Dengan minimnya formasi ini kata Silambi, tentunya persaingan para peserta akan sangat ketat.

"Karenanya saya harapkan dilakukan rekruitmen terbuka dan transparan. Setiap peserta diberikan kesempatan yang sama. Jangan sampai dengan formasi yang tidak banyak ini ada yang main titip atau sebagainya," ujarnya.

Lanjut Silambi, dengan adanya penerimaan CPNS ini, pemerintah selaku pelaksana diharapkan dapat lebih memberikan prioritas kepada putra daerah.

Prioritas ini diberikan dalam rangka mengurangi angka pengangguran di Kutim.

"Kami ini kan ingin menurunkan angka pengangguran, jadi baiknya putra daerah itu lebih diprioritaskan. Bukan kita anti peserta dari luar, yang kita inginkan ini putra daerah untuk bisa mengabdi di daerah, membangun daerah dengan menjadi PNS," papar Sekretaris Komisi A ini.

Silambi menjelaskan, meskipun penerimaan dilakukan secara terbuka dan dari luar punya kesempatan tentunya ada persyaratan yang harus dipenuhi oleh peserta.

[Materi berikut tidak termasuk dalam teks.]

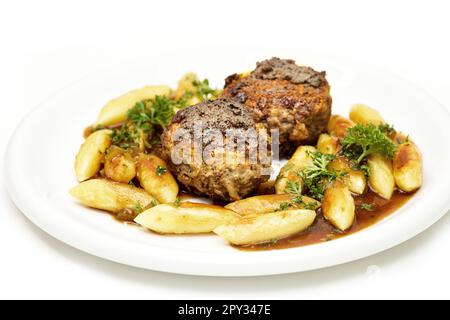 Delicious home cooking: Meatballs with Potato noodles and parsley in hearty gravy Stock Photo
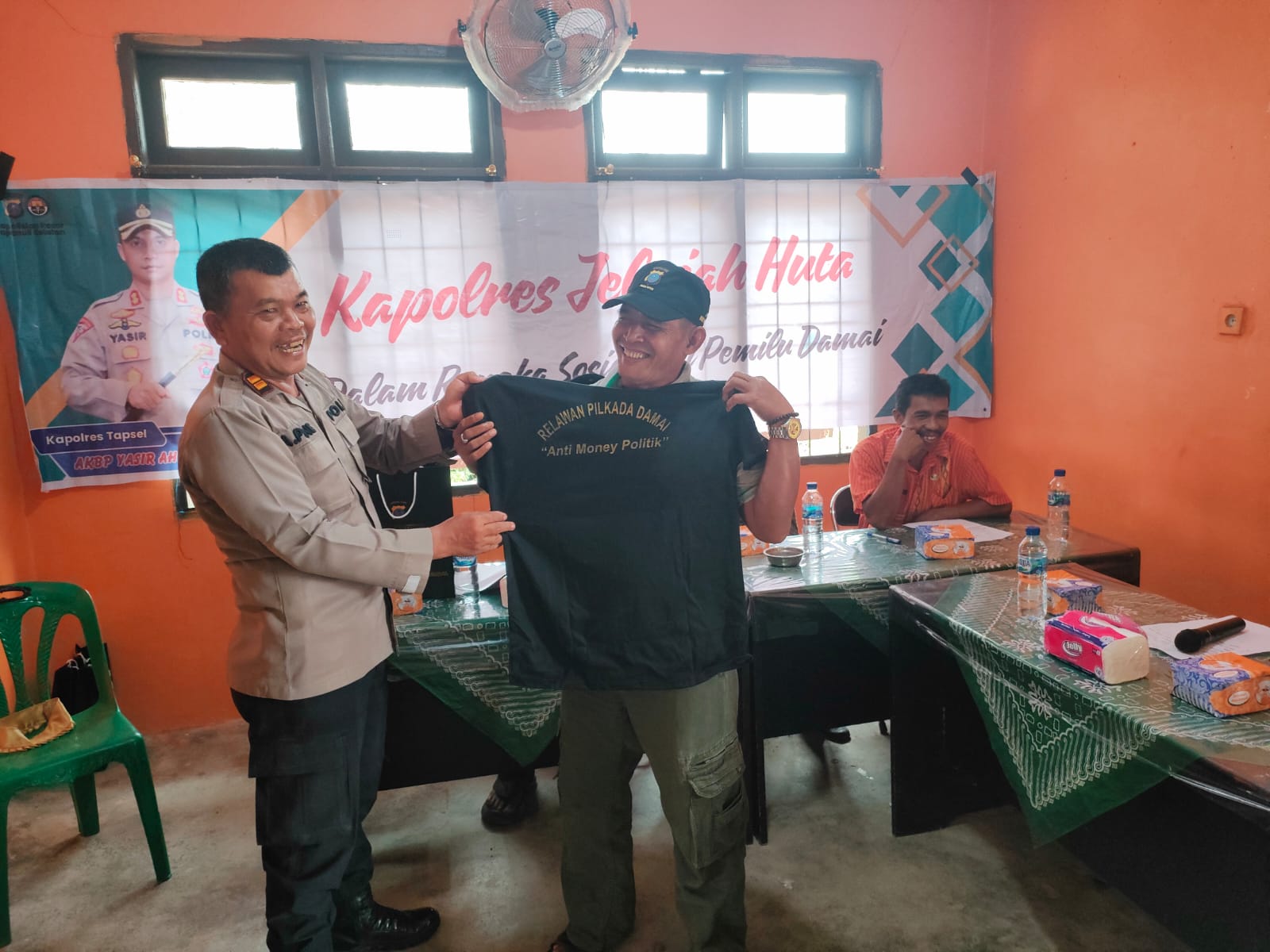 Kasat Tahti Polres Tapsel, Iptu Asjul Pane, menyerahkan kaos relawan Pilkada damai anti politik uang dalam gerakan Kapolres Jelajah Huta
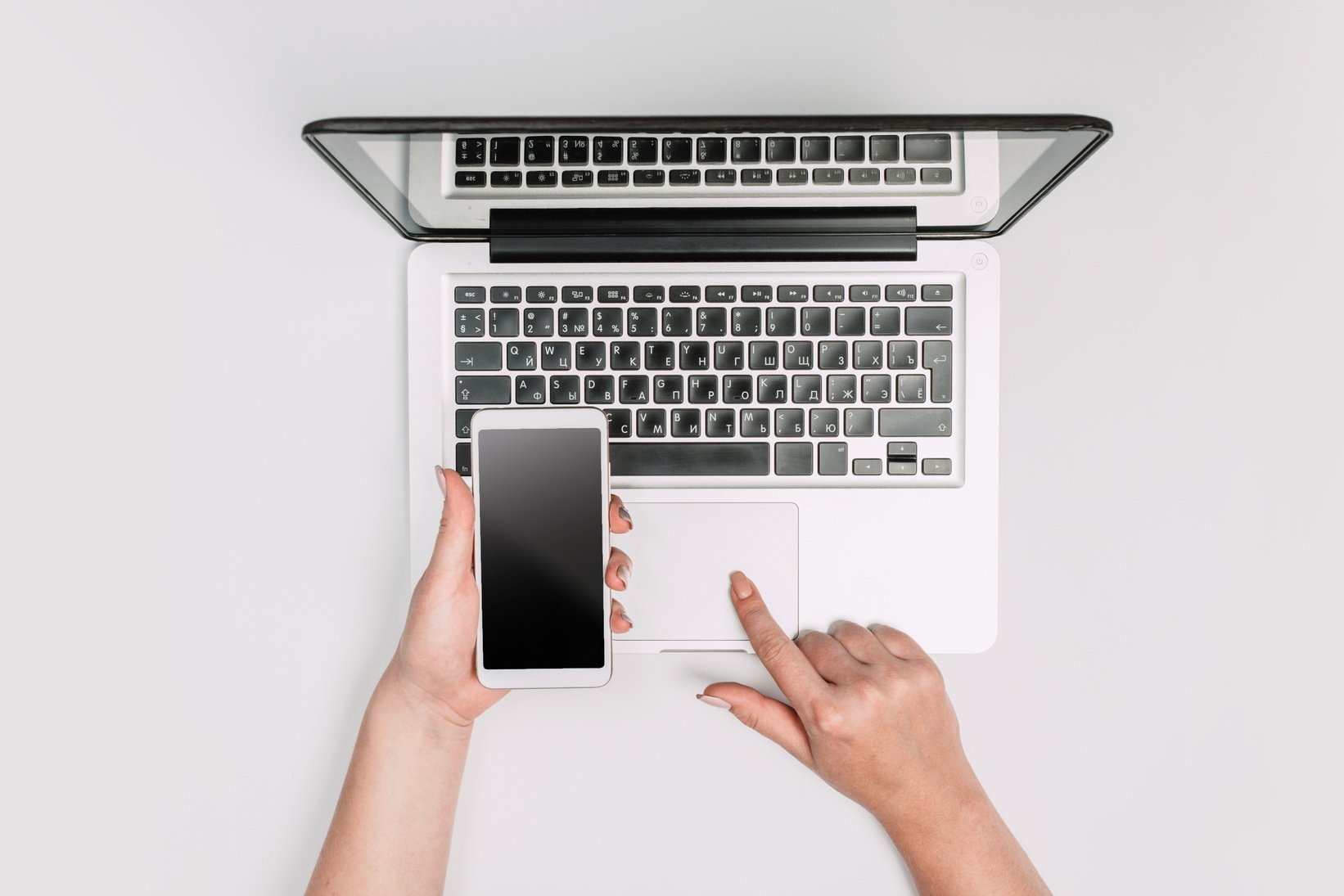 Modern workspace with smartphone and laptop copy space on white color background. Top view.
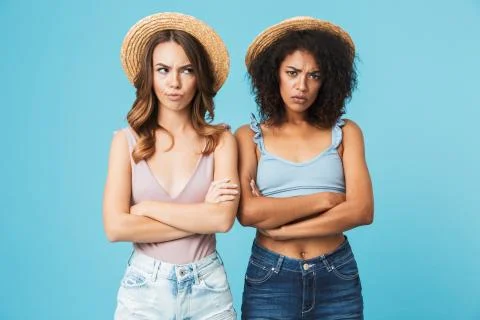 Image of two negative women with different color of skin in straw hats and sw Stock Photos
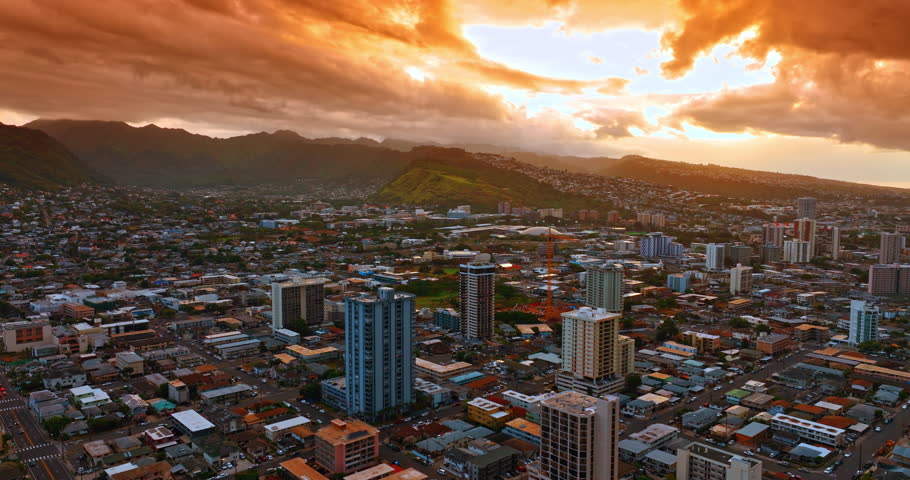 Jaw-dropping orange cloudy sky above the cityscape of Honolulu, Hawaii, USA. Splendid scenery of the city at sunset. Aerial view.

"Misalnya kami memberikan prioritas ke peserta yang KTP asal Kutim. Tentunya ini bisa memberikan peluang besar putra daerah yang memang ber-KTP Kutim untuk menjadi PNS di Kutim," ujar Silambi

Meskipun menurut Silambi hal ini bukanlah barang baru, namun DPRD Kutim ingin terus meningkatkan mutu dan kepercayaan masyarakat, karena menurutnya sampai saat ini masih ada masyarakat yang berpikiran bahwa untuk penerimaan CPNS bisa "dikondisikan".

"Pelaksanaan tes sebelumnya sudah sangat bagus apalagi yang sekarang tes langsung diumumkan. Sistemnya sudah dibuat sedemikian rupa sehingga terjamin tidak ada siapa pun yang bisa merubah hasil tes. Ini kan sudah revolusi mental," tegas Silambi.

Dia pun mengimbau kepada BKPSDMD Kutin agar bekerja sesuai aturan dan transparan.

"Koordinasi selalu lah, tahapan demi tahapannya kepada komisi terkait, update selalu," harap Silambi.

Dan Silambi pun berharap, jika BKPSDMD Kutim bisa segera mensosialisasikan terkait pembukaan penerimaan CPNS 2021, agar bisa menepis segala isu miring.

"Kami berharap keterbukaan informasi ke publik terkait penerimaan CPNS ini agar tidak menimbulkan isu miring," pungkasnya.